▶ [ACTIVITY]: The entries below contain pictures, which are to be left out; write out exactly, and only, the lines from the line with "Hot Pink Preppy" up to and including the line with "Patriotic High Top".

▶ [DATASET ENTRIES]:
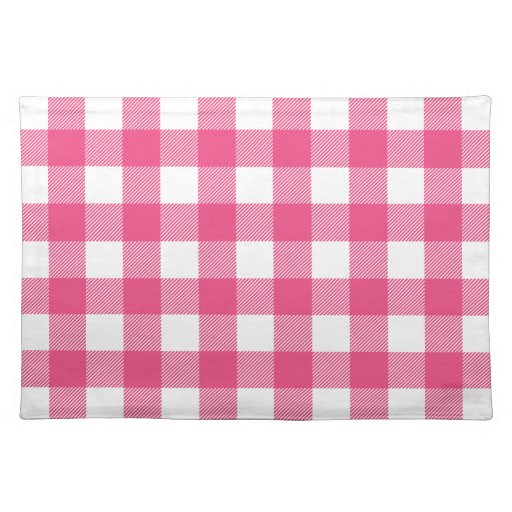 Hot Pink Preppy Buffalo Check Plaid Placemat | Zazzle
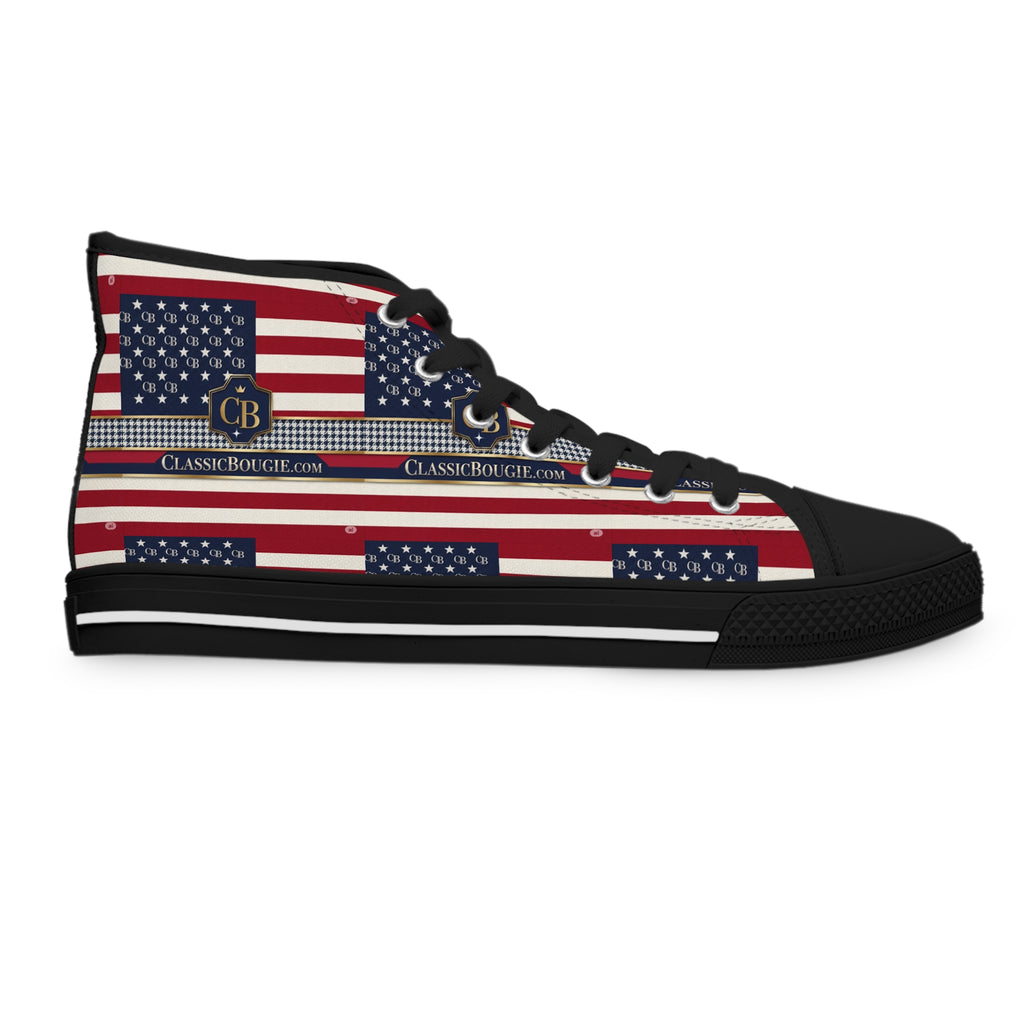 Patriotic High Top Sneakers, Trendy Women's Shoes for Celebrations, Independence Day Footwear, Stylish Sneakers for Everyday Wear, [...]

...

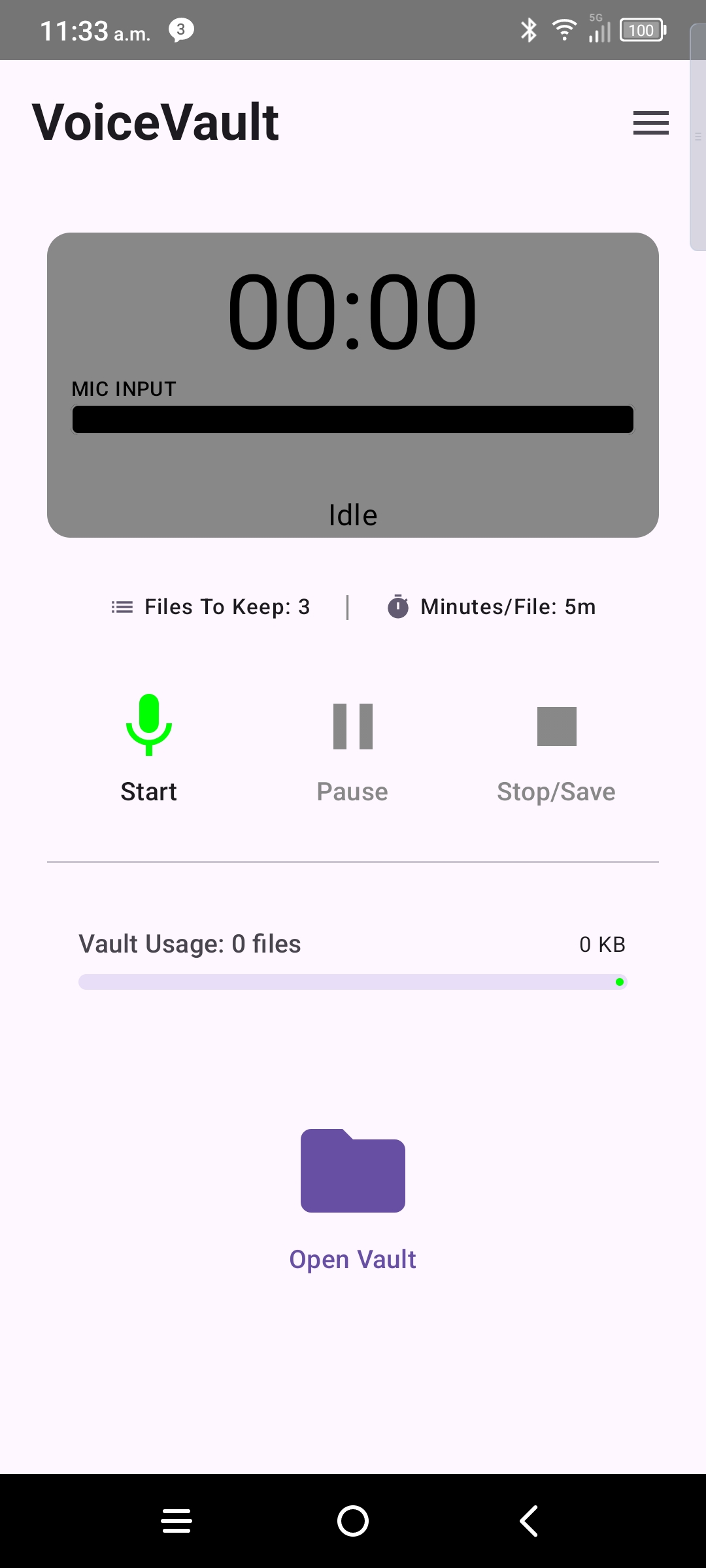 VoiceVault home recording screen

▶ [RESULT OF THE TASK]:
 Hot Pink Preppy Buffalo Check Plaid Placemat | Zazzle
 Patriotic High Top Sneakers, Trendy Women's Shoes for Celebrations, Independence Day Footwear, Stylish Sneakers for Everyday Wear, [...]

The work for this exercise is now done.